▶ WHAT IS REQUIRED: Exactly as written, return every line of the data below apart from the pictures.

[Dataset excerpts]
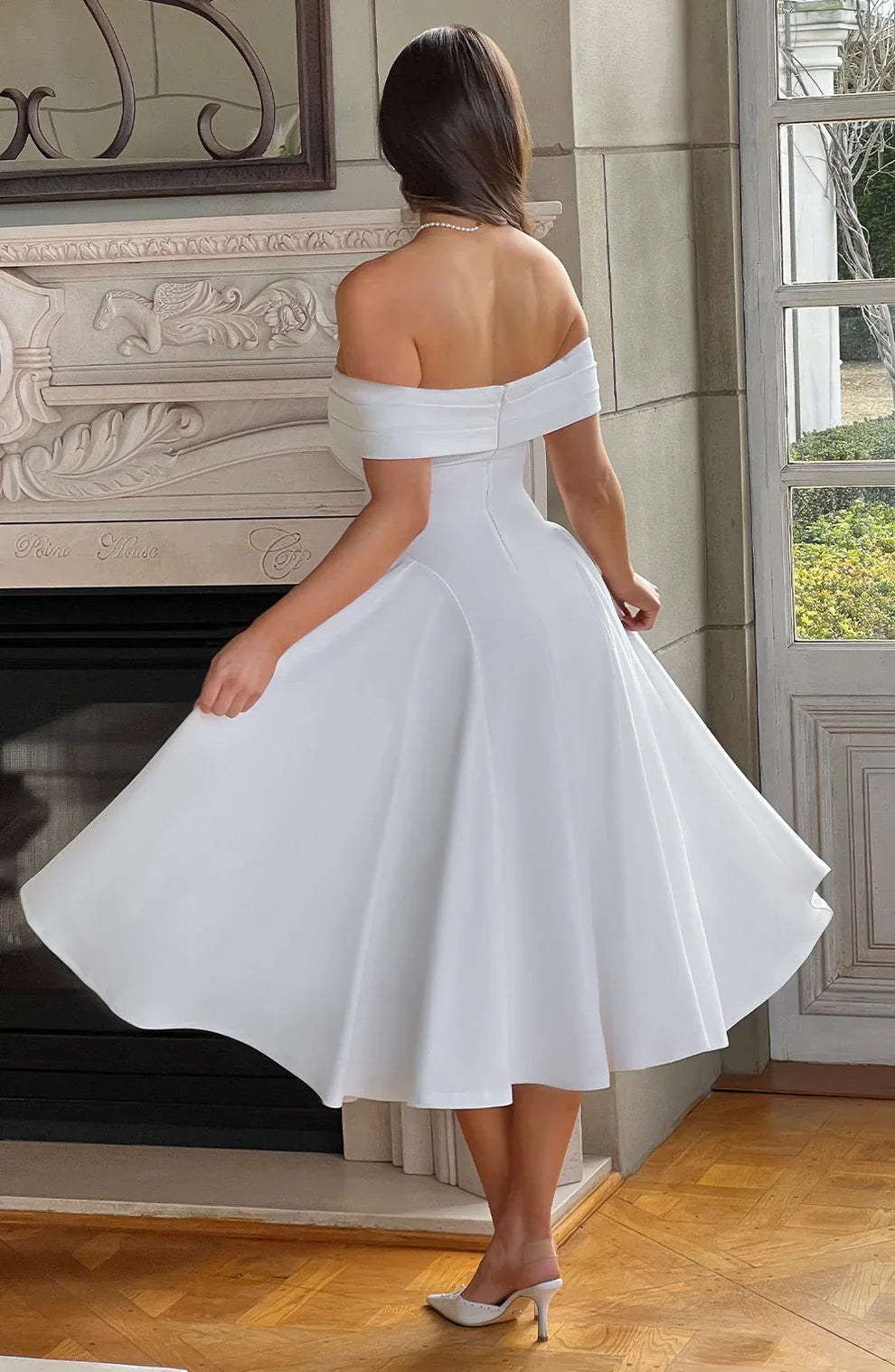 Celia - Elegant Off-the-Shoulder Midi Dress for Special Occasions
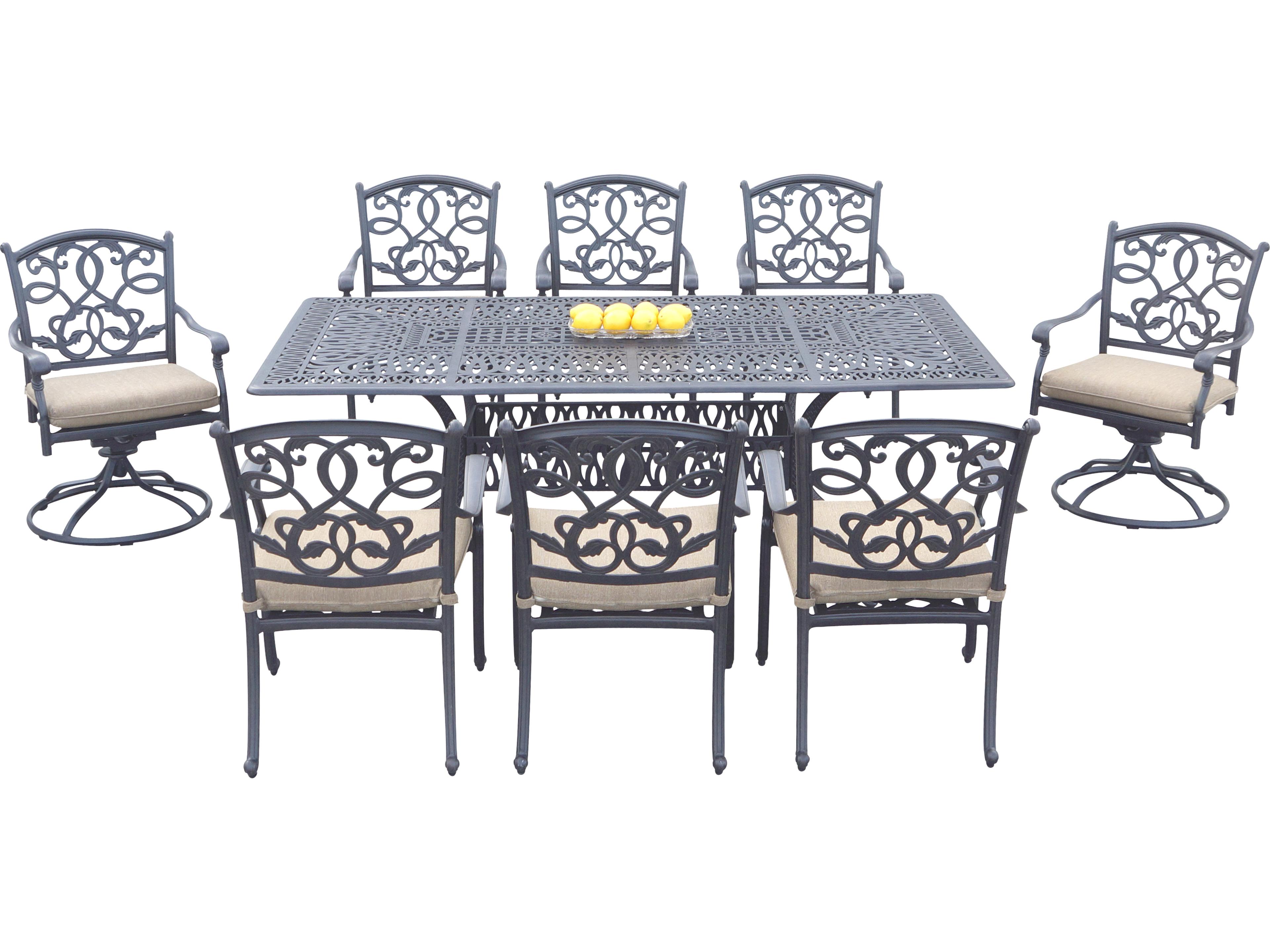Santa Monica Cast Aluminum 9-Piece Dining Set (with 2 Swivel Rockers) with Cushions and 44 x 84'' Rectangular Dining Table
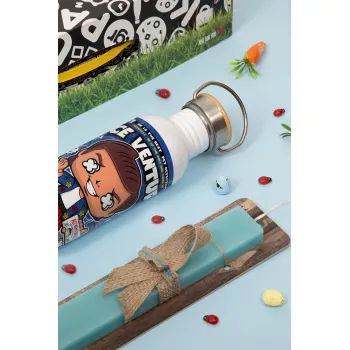 Ace Ventura: Pet Detective, Πασχαλινή Λαμπάδα με παγούρι μεταλλικό (620ml, stainless steel) & κερί αρωματικό πλακέ (30cm) (ΤΙΡΚΟΥΑΖ)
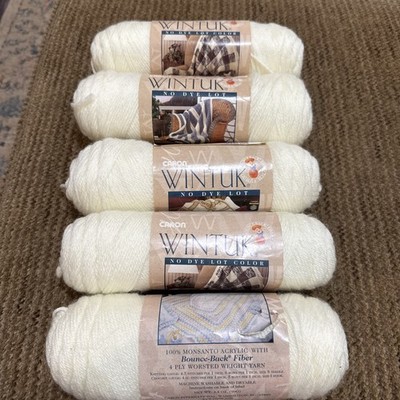 Lot of 5 Caron Wintuk Vintage Yarn Color Off White 3002 Each Skein 3.5oz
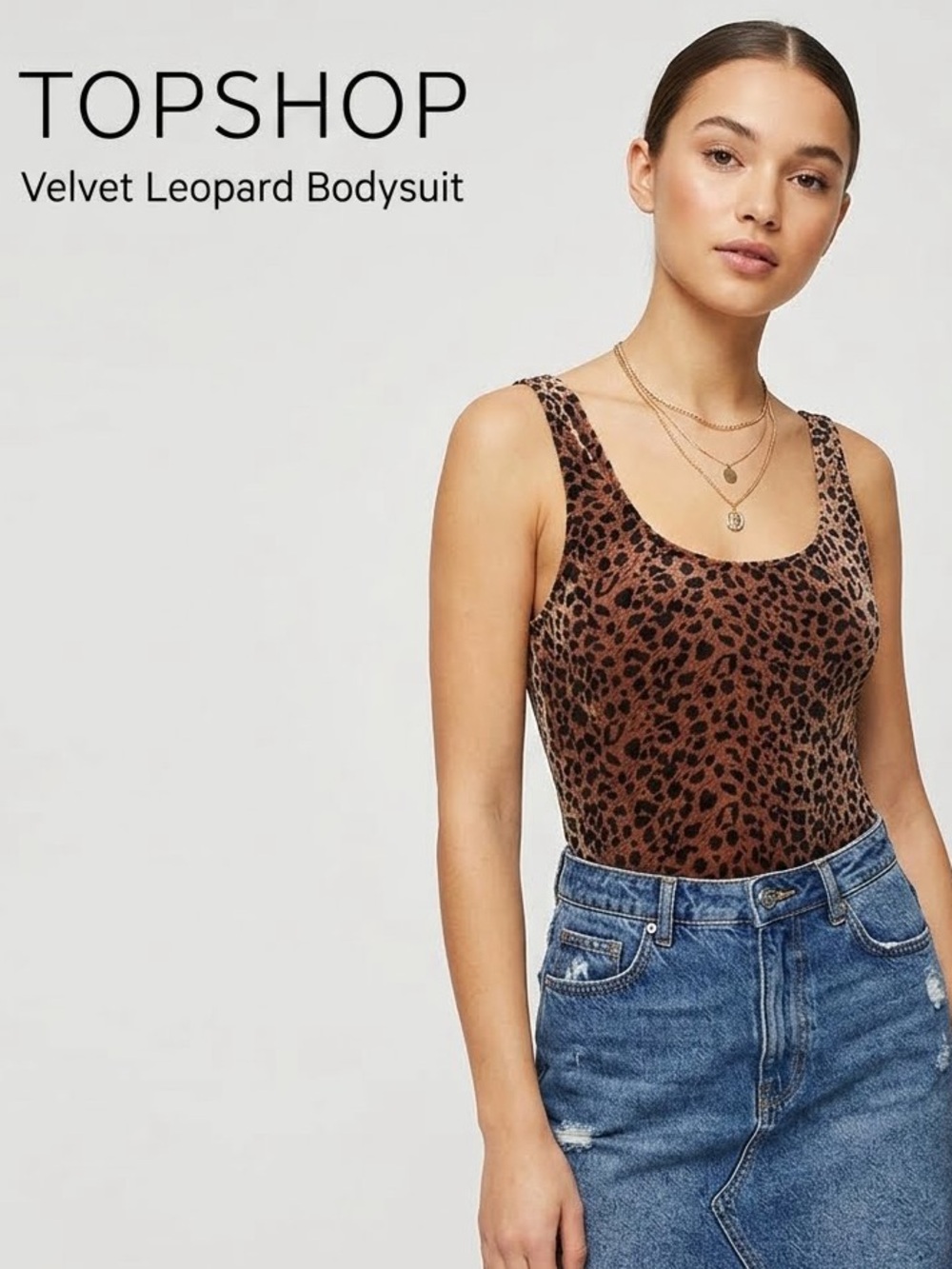 Topshop Leopard Print Velvet One Piece Bodysuit NEW Size 12 NWT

▶ RESULT OF THE EXERCISE:
 Celia - Elegant Off-the-Shoulder Midi Dress for Special Occasions
Santa Monica Cast Aluminum 9-Piece Dining Set (with 2 Swivel Rockers) with Cushions and 44 x 84'' Rectangular Dining Table
 Ace Ventura: Pet Detective, Πασχαλινή Λαμπάδα με παγούρι μεταλλικό (620ml, stainless steel) & κερί αρωματικό πλακέ (30cm) (ΤΙΡΚΟΥΑΖ)
 Lot of 5 Caron Wintuk Vintage Yarn Color Off White 3002 Each Skein 3.5oz
 Topshop Leopard Print Velvet One Piece Bodysuit NEW Size 12 NWT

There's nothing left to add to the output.